__TASK DIRECTIONS__.
Show every line in the records below that contains the word "VUITTON".

__RECORDS PROVIDED__.

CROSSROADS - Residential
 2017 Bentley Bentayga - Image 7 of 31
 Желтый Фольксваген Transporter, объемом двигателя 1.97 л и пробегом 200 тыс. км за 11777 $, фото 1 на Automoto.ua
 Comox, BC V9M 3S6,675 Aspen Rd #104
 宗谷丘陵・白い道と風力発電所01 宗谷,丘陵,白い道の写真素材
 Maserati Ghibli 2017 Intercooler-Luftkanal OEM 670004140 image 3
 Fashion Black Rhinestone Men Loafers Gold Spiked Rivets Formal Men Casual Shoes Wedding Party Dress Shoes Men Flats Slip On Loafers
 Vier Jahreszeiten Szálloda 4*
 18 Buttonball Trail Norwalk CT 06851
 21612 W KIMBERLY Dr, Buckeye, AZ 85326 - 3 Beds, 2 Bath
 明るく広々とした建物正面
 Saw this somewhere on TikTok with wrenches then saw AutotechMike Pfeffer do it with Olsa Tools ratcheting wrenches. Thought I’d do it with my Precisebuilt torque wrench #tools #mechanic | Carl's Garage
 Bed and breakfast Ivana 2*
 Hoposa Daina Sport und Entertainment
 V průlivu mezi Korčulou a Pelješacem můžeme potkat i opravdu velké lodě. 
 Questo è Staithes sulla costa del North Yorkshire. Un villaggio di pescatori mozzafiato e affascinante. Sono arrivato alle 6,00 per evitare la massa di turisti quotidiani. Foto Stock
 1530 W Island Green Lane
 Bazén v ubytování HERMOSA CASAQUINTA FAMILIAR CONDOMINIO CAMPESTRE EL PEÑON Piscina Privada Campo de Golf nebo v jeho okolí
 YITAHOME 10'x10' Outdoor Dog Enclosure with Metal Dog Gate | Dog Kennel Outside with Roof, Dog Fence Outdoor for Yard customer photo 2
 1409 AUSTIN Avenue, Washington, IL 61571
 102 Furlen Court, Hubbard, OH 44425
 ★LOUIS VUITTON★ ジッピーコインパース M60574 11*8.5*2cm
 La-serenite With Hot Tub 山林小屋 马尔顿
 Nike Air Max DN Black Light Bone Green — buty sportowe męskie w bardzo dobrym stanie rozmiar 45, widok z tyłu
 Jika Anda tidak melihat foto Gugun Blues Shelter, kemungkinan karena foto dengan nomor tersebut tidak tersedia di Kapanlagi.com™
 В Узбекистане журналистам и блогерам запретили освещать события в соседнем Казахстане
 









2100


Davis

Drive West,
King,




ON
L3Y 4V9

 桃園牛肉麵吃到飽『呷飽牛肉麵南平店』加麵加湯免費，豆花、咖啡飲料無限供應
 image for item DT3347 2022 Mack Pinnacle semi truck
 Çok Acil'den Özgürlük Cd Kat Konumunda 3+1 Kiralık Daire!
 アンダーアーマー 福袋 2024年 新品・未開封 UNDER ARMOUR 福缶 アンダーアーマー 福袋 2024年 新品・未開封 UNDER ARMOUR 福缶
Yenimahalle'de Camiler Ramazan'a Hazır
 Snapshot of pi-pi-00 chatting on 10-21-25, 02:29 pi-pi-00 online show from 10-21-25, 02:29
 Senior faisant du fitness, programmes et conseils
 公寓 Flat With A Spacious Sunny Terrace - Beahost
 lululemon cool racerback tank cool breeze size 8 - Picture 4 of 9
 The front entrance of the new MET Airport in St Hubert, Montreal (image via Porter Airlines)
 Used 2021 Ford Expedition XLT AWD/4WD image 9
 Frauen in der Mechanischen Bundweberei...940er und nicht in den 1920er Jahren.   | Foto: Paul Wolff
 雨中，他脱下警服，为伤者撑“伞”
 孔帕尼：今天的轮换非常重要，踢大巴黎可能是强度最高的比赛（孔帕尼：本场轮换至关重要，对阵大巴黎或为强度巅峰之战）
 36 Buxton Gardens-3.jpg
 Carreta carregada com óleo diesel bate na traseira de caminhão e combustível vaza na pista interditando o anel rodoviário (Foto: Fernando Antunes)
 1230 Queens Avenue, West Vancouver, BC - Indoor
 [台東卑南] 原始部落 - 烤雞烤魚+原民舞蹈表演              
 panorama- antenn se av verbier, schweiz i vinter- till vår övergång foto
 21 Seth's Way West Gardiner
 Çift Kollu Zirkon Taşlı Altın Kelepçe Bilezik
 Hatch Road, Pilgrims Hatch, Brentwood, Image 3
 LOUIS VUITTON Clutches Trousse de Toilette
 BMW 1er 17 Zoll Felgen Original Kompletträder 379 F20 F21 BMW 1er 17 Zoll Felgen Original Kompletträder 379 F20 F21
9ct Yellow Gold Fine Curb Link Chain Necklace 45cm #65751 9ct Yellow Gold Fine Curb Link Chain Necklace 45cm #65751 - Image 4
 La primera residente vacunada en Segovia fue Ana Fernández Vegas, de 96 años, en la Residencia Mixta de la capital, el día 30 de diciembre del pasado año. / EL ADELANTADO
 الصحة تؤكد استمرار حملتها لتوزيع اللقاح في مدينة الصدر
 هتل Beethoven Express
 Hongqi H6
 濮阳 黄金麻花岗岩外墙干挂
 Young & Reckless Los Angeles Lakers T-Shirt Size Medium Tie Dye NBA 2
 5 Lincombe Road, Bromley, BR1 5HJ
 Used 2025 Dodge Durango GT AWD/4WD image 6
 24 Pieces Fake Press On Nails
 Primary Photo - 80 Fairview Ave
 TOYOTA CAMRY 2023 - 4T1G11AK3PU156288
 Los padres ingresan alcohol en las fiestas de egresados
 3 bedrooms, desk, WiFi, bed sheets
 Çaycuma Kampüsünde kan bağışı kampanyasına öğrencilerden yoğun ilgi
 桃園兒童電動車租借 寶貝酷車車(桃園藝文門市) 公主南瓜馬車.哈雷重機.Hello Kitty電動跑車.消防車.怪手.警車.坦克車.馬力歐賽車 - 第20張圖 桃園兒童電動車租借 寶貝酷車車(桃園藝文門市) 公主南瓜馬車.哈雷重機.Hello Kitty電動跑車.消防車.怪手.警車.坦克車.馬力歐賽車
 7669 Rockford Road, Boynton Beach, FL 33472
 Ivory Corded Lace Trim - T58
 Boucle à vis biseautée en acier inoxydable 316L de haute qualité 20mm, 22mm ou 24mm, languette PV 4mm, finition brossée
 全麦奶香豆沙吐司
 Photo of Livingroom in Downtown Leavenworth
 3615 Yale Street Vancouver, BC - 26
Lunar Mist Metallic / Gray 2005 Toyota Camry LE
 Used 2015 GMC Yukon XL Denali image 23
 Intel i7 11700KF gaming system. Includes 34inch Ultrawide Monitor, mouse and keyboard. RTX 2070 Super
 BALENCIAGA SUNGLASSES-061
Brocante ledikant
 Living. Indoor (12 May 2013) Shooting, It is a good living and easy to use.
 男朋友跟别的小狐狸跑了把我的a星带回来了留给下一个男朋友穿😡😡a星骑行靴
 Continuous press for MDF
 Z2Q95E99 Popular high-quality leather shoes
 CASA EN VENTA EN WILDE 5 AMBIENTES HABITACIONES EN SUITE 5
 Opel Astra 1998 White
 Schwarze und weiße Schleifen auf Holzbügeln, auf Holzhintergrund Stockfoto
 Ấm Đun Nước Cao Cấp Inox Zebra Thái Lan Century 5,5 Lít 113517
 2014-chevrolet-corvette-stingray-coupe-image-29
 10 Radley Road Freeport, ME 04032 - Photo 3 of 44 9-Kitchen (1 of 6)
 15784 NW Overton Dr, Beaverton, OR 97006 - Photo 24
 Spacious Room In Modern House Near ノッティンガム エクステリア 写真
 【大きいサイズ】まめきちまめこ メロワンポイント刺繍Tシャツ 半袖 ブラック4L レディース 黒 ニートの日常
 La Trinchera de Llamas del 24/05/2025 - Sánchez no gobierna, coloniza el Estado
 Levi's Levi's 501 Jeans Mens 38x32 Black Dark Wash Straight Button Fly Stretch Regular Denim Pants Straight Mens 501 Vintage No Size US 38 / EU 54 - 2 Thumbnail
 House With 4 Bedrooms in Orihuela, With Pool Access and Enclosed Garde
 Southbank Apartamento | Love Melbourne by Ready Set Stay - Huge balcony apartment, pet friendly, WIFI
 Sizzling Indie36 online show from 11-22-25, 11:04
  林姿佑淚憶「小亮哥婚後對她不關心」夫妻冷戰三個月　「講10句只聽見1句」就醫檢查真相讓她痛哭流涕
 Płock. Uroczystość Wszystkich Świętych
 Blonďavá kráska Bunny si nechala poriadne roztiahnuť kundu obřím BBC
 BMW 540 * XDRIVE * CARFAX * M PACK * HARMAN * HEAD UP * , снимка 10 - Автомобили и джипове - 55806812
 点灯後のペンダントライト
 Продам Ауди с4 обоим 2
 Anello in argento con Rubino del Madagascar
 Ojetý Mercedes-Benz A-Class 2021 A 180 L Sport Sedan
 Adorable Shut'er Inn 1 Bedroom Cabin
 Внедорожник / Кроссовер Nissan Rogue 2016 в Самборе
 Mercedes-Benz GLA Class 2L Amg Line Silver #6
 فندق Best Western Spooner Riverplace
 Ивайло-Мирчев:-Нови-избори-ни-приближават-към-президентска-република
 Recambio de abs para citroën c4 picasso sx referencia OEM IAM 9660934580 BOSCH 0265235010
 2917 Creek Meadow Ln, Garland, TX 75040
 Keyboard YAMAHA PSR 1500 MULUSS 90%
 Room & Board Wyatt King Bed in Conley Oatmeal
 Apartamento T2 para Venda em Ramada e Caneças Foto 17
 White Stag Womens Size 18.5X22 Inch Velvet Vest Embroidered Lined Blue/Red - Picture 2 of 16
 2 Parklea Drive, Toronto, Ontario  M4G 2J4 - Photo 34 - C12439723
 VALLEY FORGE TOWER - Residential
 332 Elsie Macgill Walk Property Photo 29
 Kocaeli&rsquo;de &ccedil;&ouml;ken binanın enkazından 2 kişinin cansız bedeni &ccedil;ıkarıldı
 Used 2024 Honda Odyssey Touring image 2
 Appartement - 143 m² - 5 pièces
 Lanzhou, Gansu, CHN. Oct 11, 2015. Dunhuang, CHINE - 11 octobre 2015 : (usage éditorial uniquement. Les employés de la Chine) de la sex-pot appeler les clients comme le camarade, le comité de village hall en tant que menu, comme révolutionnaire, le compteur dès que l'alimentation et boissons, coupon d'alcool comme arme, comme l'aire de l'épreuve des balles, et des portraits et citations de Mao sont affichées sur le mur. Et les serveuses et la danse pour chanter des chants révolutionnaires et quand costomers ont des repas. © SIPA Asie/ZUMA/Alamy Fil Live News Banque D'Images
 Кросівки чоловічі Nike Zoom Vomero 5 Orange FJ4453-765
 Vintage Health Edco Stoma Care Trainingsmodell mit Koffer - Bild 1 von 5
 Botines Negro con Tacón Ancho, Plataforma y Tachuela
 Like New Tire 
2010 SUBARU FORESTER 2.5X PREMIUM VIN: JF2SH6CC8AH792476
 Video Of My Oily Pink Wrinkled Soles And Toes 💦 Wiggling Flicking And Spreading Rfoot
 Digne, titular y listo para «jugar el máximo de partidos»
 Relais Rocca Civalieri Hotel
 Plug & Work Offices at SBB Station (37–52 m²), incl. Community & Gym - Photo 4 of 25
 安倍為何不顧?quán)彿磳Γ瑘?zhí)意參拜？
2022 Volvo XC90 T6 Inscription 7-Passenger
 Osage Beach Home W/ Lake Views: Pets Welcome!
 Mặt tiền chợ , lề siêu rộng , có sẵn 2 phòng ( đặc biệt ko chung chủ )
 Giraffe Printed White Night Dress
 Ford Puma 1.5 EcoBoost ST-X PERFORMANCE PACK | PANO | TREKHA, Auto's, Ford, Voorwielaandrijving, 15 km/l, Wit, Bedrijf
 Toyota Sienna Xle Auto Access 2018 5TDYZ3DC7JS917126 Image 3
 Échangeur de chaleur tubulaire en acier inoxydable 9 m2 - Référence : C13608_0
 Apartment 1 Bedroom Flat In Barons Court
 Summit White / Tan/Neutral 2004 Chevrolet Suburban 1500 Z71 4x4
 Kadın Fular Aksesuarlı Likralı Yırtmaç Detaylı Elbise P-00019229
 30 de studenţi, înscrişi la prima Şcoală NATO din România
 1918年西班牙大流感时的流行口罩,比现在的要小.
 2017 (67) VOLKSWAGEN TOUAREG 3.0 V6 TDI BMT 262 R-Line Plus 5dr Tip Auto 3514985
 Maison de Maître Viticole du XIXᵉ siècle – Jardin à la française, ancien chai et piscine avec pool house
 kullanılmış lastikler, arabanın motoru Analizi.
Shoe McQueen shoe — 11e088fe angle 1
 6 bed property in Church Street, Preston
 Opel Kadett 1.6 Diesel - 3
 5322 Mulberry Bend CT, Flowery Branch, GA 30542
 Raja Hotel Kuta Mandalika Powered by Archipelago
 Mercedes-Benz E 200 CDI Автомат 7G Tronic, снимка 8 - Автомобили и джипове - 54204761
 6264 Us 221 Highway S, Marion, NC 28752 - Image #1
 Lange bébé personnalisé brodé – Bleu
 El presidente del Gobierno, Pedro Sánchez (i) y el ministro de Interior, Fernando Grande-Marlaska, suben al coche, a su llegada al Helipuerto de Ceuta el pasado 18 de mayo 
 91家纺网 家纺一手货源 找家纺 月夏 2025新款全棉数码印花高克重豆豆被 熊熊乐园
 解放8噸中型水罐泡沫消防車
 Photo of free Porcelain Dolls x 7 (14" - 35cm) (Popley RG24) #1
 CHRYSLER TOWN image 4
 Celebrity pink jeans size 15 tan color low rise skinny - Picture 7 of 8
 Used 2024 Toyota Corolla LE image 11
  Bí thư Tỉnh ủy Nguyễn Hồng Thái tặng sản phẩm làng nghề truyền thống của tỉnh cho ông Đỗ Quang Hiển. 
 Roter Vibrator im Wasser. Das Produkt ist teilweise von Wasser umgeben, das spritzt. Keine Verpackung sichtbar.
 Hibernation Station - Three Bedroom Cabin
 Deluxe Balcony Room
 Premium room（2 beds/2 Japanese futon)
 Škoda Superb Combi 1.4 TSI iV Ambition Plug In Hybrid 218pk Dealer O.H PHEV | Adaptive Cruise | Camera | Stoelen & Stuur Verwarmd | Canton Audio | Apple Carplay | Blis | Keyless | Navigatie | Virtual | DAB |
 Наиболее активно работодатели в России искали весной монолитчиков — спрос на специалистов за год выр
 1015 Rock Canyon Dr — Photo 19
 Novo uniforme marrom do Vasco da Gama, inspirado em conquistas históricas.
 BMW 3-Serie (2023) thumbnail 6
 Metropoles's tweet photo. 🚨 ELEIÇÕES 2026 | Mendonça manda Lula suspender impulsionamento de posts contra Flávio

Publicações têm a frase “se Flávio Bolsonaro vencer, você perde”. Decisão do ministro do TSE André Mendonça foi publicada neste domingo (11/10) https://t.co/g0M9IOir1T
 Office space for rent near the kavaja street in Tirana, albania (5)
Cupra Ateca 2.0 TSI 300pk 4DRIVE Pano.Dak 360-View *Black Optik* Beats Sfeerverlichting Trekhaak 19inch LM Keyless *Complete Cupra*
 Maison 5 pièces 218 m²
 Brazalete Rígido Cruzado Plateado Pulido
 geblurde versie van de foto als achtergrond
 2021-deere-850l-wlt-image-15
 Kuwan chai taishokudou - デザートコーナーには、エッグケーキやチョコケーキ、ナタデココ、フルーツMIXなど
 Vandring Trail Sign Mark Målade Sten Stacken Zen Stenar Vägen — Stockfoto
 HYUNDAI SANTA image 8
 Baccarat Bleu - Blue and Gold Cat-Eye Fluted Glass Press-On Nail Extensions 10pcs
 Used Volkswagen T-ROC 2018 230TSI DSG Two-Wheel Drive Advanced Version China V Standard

__TASK RESULT__.
 ★LOUIS VUITTON★ ジッピーコインパース M60574 11*8.5*2cm
 LOUIS VUITTON Clutches Trousse de Toilette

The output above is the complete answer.